• _GOAL OF THE EXERCISE_: Begin at the line containing "Cotton Knee-High Compression" and give again every line to the end of the records, exactly, without the pictures.

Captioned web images
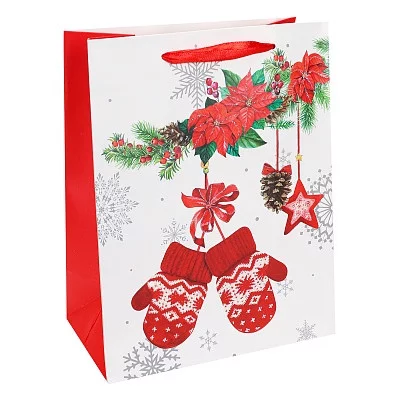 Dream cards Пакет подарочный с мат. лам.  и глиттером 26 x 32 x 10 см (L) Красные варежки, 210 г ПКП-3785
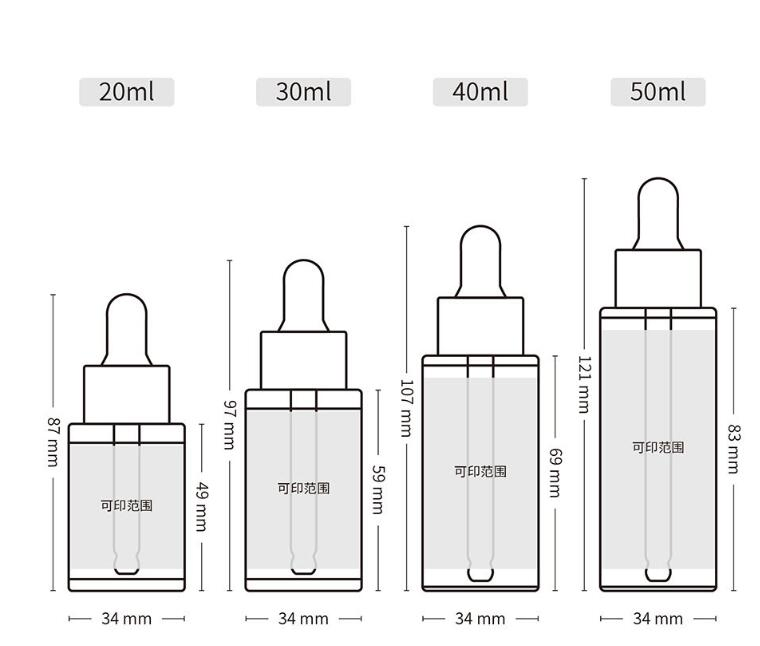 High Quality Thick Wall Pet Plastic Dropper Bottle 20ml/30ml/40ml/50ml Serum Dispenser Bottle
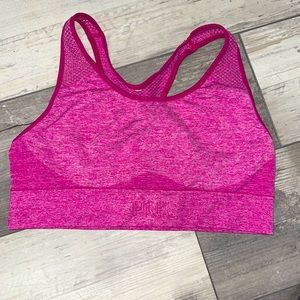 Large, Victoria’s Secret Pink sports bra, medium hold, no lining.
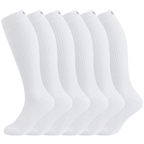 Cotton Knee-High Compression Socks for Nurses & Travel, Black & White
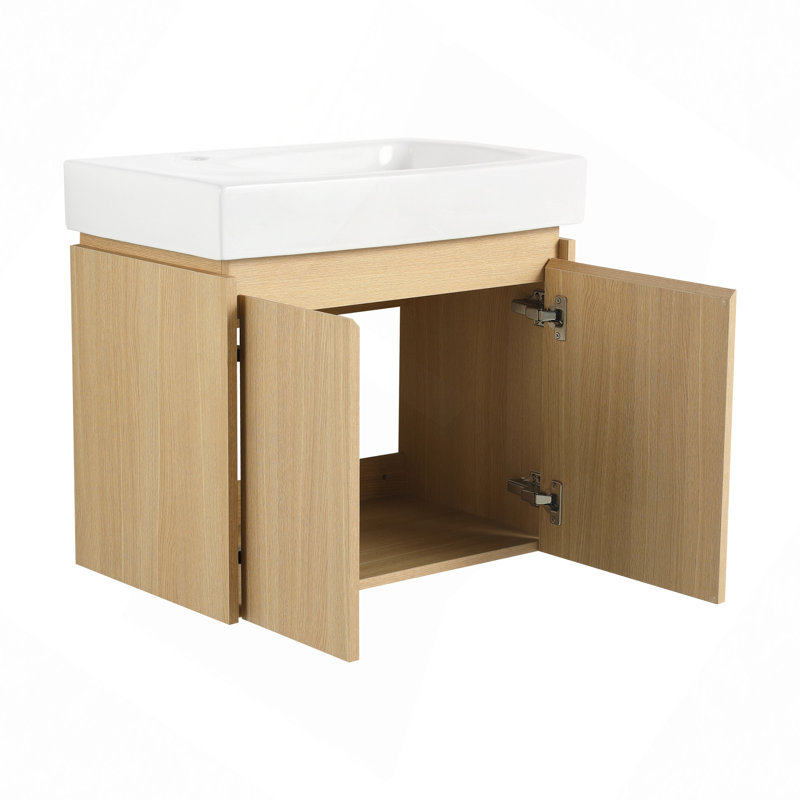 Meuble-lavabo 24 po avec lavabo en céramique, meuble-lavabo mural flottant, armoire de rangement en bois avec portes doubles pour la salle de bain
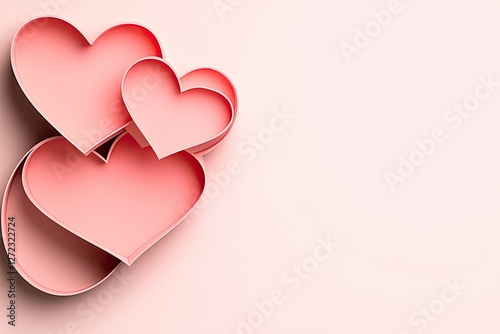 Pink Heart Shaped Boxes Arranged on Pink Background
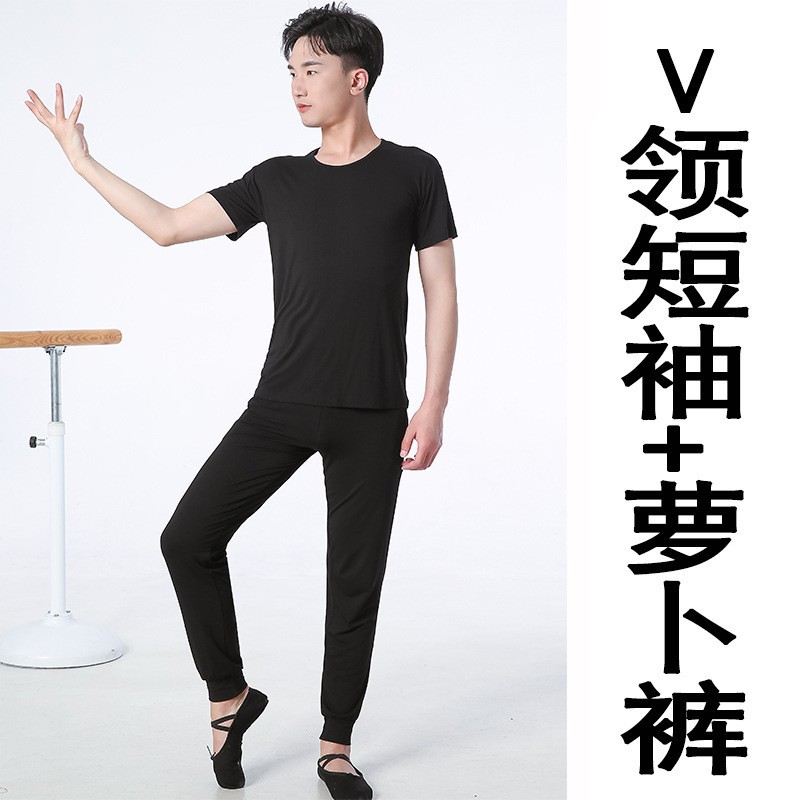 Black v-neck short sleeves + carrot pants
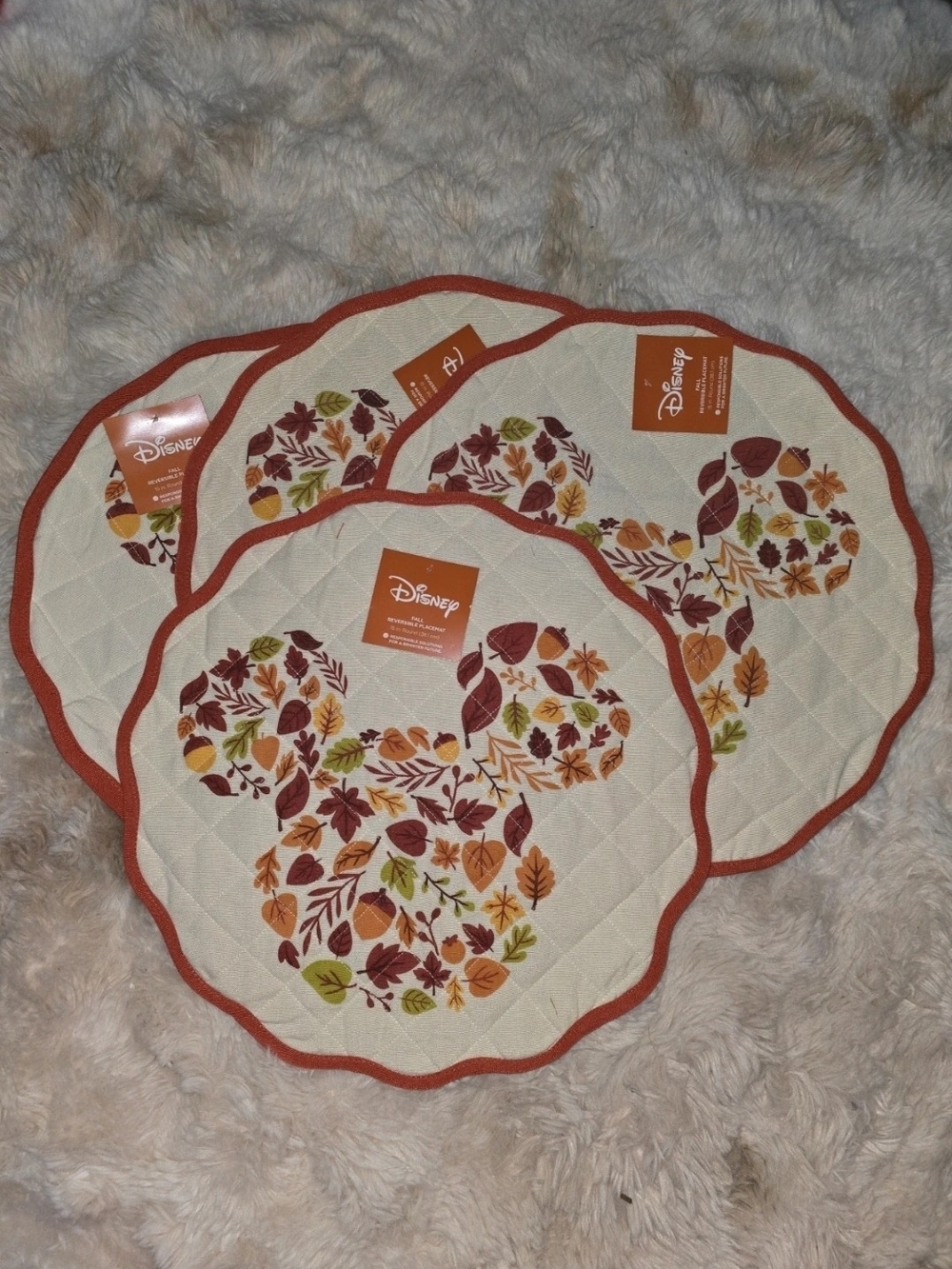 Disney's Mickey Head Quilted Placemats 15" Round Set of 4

• _RESPONSE AREA_:
 Cotton Knee-High Compression Socks for Nurses & Travel, Black & White
 Meuble-lavabo 24 po avec lavabo en céramique, meuble-lavabo mural flottant, armoire de rangement en bois avec portes doubles pour la salle de bain
 Pink Heart Shaped Boxes Arranged on Pink Background
 Black v-neck short sleeves + carrot pants
 Disney's Mickey Head Quilted Placemats 15" Round Set of 4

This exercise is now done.